Im Prinzip ja, wenns dumm läuft warten aber 10 Threads bis ein Ergebnis nach dem anderen daher kommt. Deshalb mal verifizieren. Ich würde ja deinen Ansatz mit dem cachen favorisieren falls das machbar ist. Aber er schreibt ja davon dass er ab und zu mal abgleichen will, das klingt eher so als ob das eben nicht geht


----------



## mrBrown (9. Jun 2017)

JStein52 hat gesagt.:


> Im Prinzip ja, wenns dumm läuft warten aber 10 Threads bis ein Ergebnis nach dem anderen daher kommt. Deshalb mal verifizieren.


Naja, wäre dann trotzdem nicht langsamer, als wenn ein Thread 10 mal wartet.



JStein52 hat gesagt.:


> Ich würde ja deinen Ansatz mit dem cachen favorisieren falls das machbar ist. Aber er schreibt ja davon dass er ab und zu mal abgleichen will, das klingt eher so als ob das eben nicht geht



Kommt drauf an, wie die API funktioniert. Im Idealfall lassen sich mehrere zusammen abfragen und der Server unterstützt Caching, aber da können wir nur raten


----------



## JStein52 (9. Jun 2017)

mrBrown hat gesagt.:


> Naja, wäre dann trotzdem nicht langsamer, als wenn ein Thread 10 mal wartet


Das stimmt. Aber die Frage war wird es schneller. Die Antwort ist meiner Meinung nach: Wahrscheinlich schon, wenn du Pech hast aber auch nicht. Wir wissen zu wenig über die Daten, wo sie herkommen, wie sie dort entstehen, was damit gemacht wird. Irgendwas muss er ja auch mit tun sonst ist es sinnlos die zu holen.


----------



## Damlo (12. Jun 2017)

Also die Daten speicher ein in meiner Datenbank. Habe am Wochenende mal den ExecutorService ausprobiert. Es scheint etwas schneller zu laufen. Aber ich denke eher das es daran liegt, die Daten auf die Datenbank zu speichern. 

Ich habe in dem internen Forum mal nach gefragt, ob es eine Möglichkeit gibt weniger Anfragen zu stellen, aber bisher haben die es (noch) nicht vorgesehen sowas zu implementieren. Deswegen bleibt mir nichts anderes übrig als diese Abfragen los zu hauen. Ich habe trotzdem eine Zeit Gewinnung von ca 6 Stunden Erziehlt durch den ExecutorService.


----------



## mrBrown (12. Jun 2017)

Damlo hat gesagt.:


> Aber ich denke eher das es daran liegt, die Daten auf die Datenbank zu speichern.

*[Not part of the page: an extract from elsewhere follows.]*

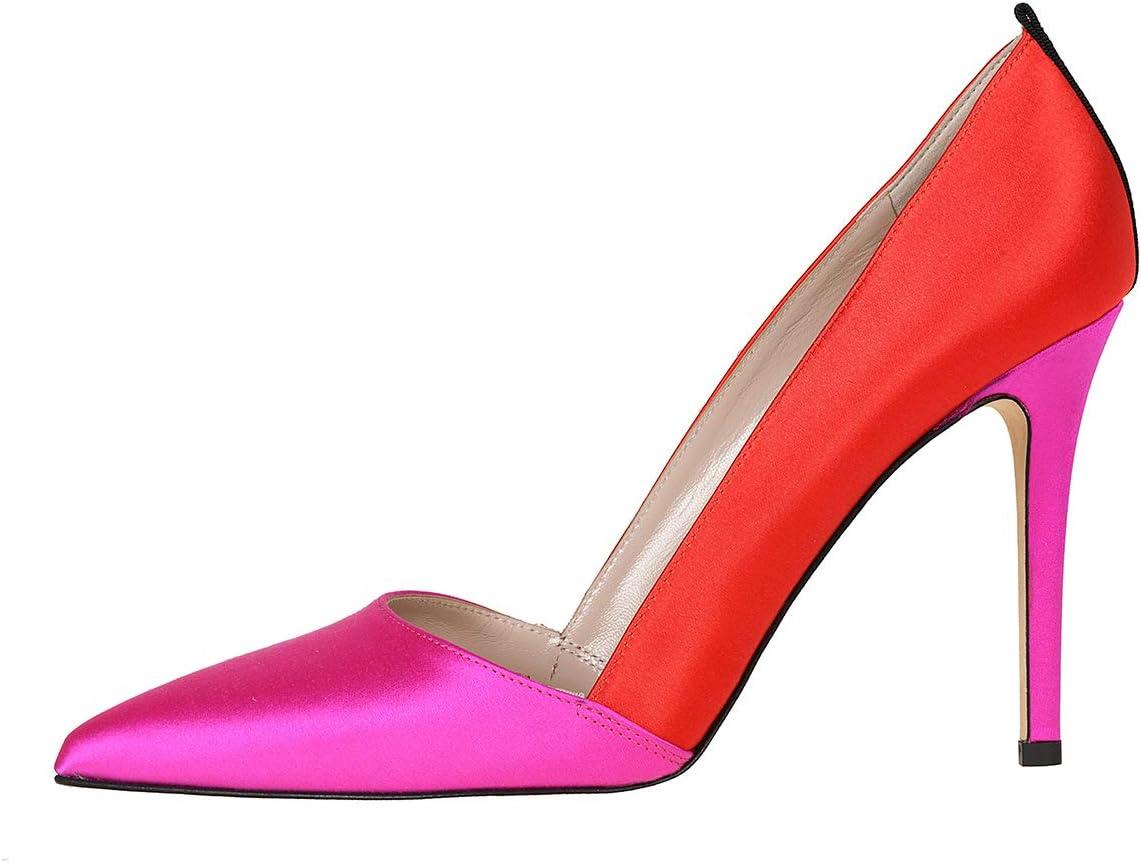 imageFSJ Women Fashion Closed Pointed Toe Pumps Stiletto High Heels Slip On Two ToneSolid Color Contrast Party Dress Office Shoes Size 415 USPinkred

Schmeiß den Profiler an und find raus woran es liegt 
Und selbst wenn das Speichern das Problem sein sollte, kann man da vermutlich noch optimieren.



Damlo hat gesagt.:


> Ich habe in dem internen Forum mal nach gefragt, ob es eine Möglichkeit gibt weniger Anfragen zu stellen, aber bisher haben die es (noch) nicht vorgesehen sowas zu implementieren. Deswegen bleibt mir nichts anderes übrig als diese Abfragen los zu hauen.


Wenns ein einfacher http-Server ist gibts doch bestimmt last-modified oder eTag oder sonstiges? Oder ändern sich jeden Tag alle bisherigen und es kommen neue dazu?


----------



## Xyz1 (12. Jun 2017)

Du greifst auf eine gemeinsame Quelle zu. Die Quelle wird wahrscheinlich schnell sein, das ist nicht das Problem. Die Übertragung wird langsam sein, bei mehreren parallelen Übertragungen wird eine Übertragung aber nicht langsamer werden, als wenn diese nacheinander geschehen. Das macht der Webbrowser auch. Also ein Pool mit fester Größe (10) wird eine Ersparnis einbringen. Mir fällt als Beispiel gerade nur ein RSS-Reader ein, der z. B. 100 Beiträge liest. Ich kann das später mal ausprobieren - wenn noch gewünscht.

Immer feststellen, was dort langsam ist - und ob man es umgehen kann.


----------



## Thallius (12. Jun 2017)

Vieleicht erklärst du uns einfach mal was du da eigentlich für daten holst und was du damit vorhast. Ich denke dein ganzes Konzept hat einen großen Fehler....


----------



## Damlo (12. Jun 2017)

Also ich greife auf die API von https://www.themoviedb.org zu. 

Ich möchte deren Filme auf eine Eigene Datenbank speichern. Heißt ich muss diese abfragen und bei mir speichern. 
Ich nutze Java Spring boot um sie mir wieder anzeigen zu lassen. Hab da ein paar "erweiterte" sachen geschrieben, die https://www.themoviedb.org nicht bietet. Aber für die Informationen der Filme / Serien / Personen Whatever, muss ich sie bei mir in der Datenbank speichern. 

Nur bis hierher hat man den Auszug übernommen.